_Instructions for the task:_ Aside from the pictures, copy the listing exactly.

_Data shown:_
——————

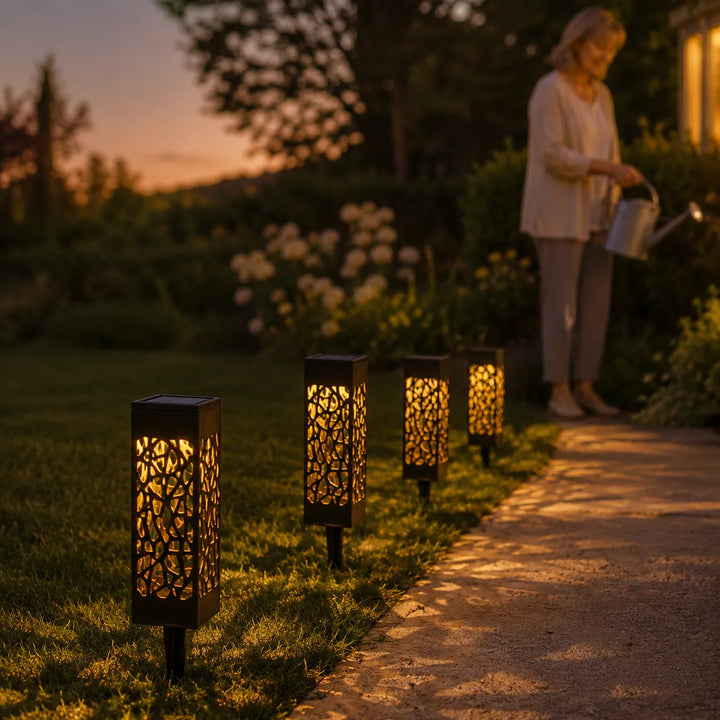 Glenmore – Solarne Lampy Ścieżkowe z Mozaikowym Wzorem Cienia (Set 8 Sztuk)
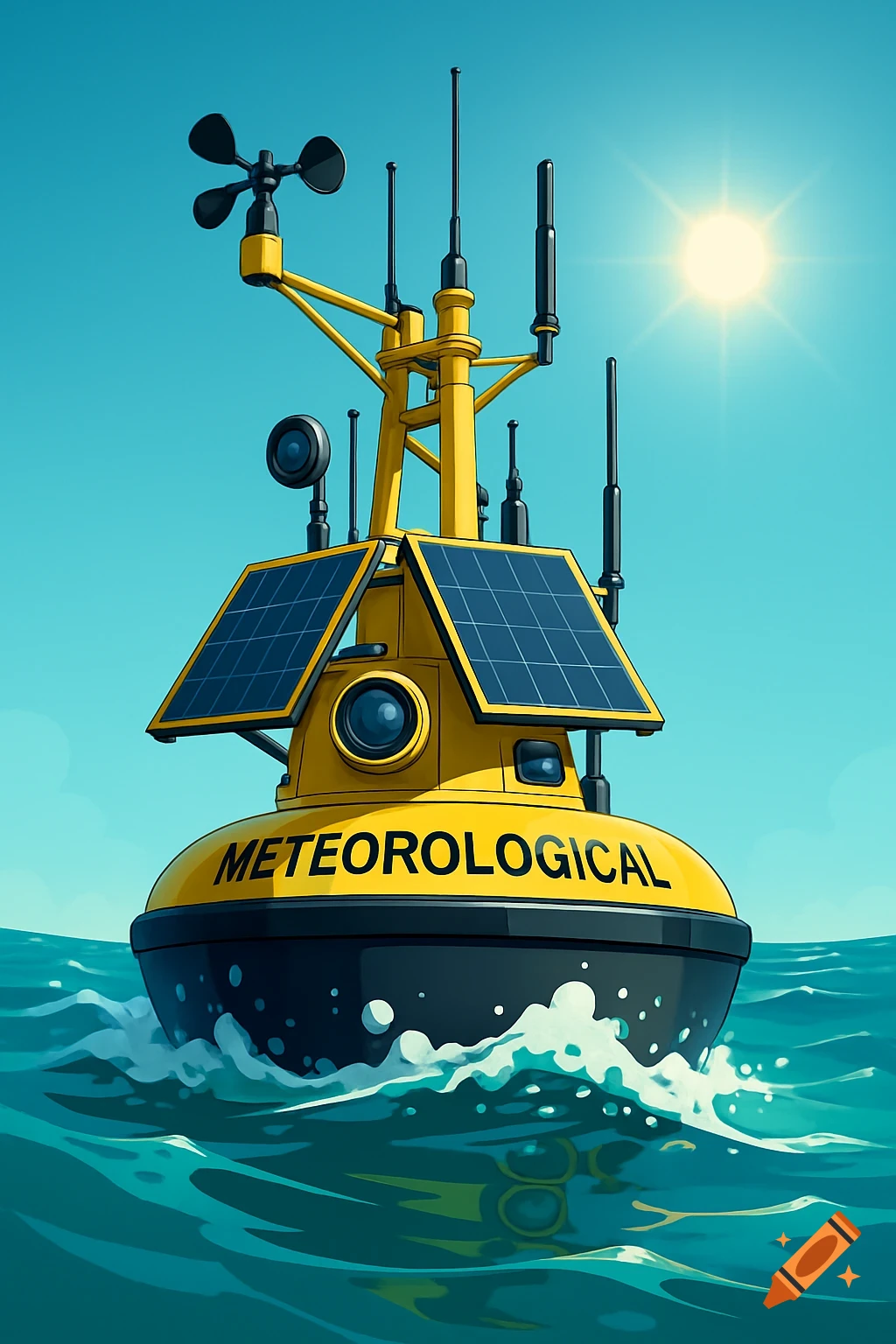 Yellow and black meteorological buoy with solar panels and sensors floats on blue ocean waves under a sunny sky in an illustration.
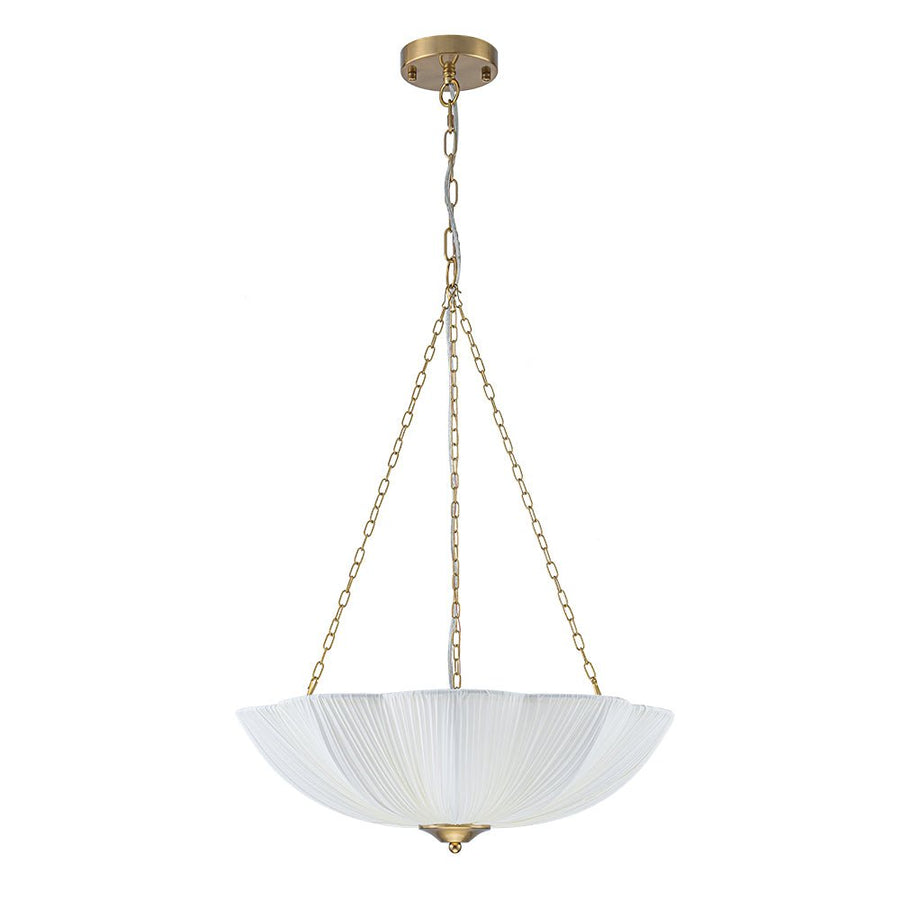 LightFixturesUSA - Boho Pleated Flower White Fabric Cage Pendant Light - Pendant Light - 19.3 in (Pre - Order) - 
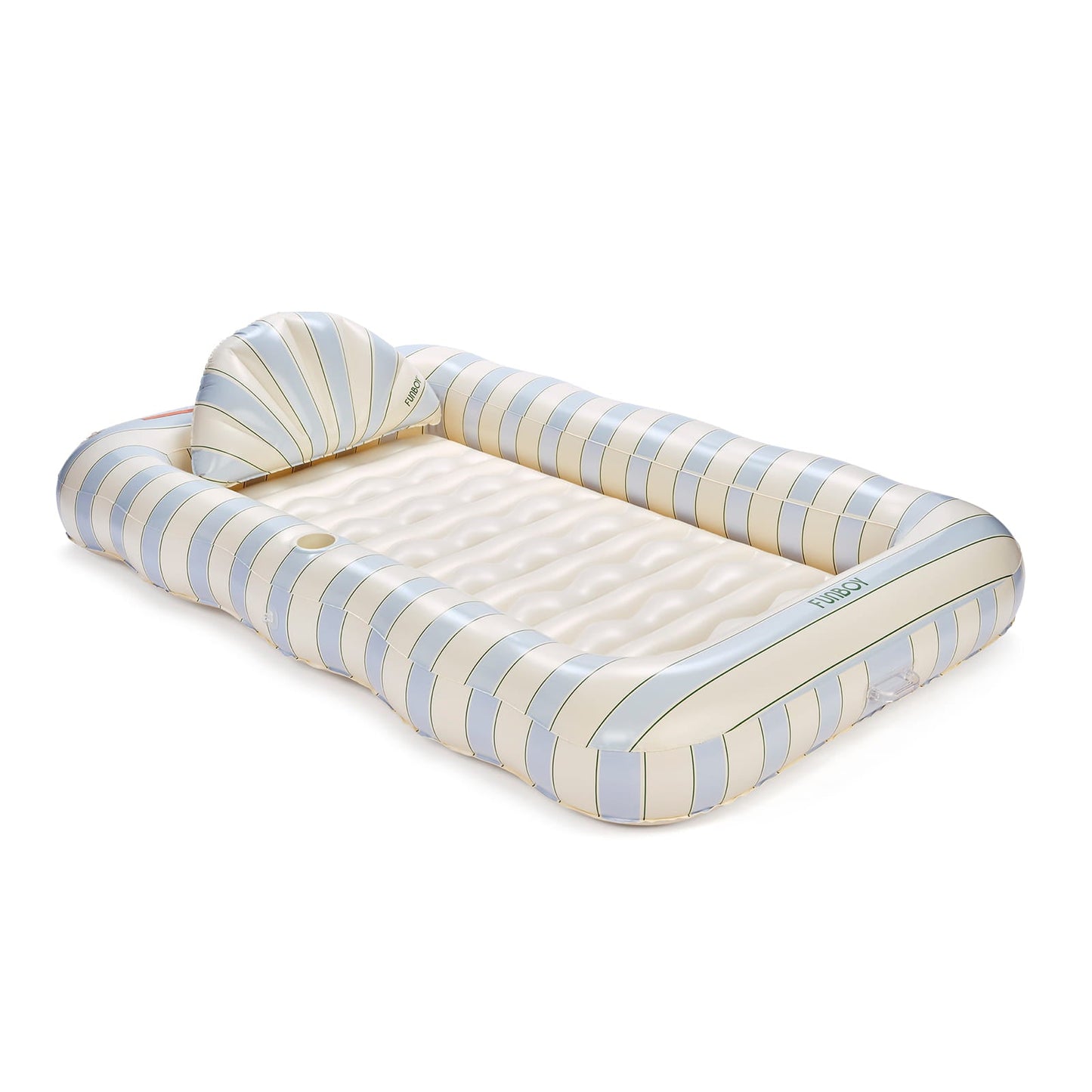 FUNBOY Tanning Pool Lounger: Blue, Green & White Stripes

——————

_Answer space:_
 Glenmore – Solarne Lampy Ścieżkowe z Mozaikowym Wzorem Cienia (Set 8 Sztuk)
 Yellow and black meteorological buoy with solar panels and sensors floats on blue ocean waves under a sunny sky in an illustration.
 LightFixturesUSA - Boho Pleated Flower White Fabric Cage Pendant Light - Pendant Light - 19.3 in (Pre - Order) - 
 FUNBOY Tanning Pool Lounger: Blue, Green & White Stripes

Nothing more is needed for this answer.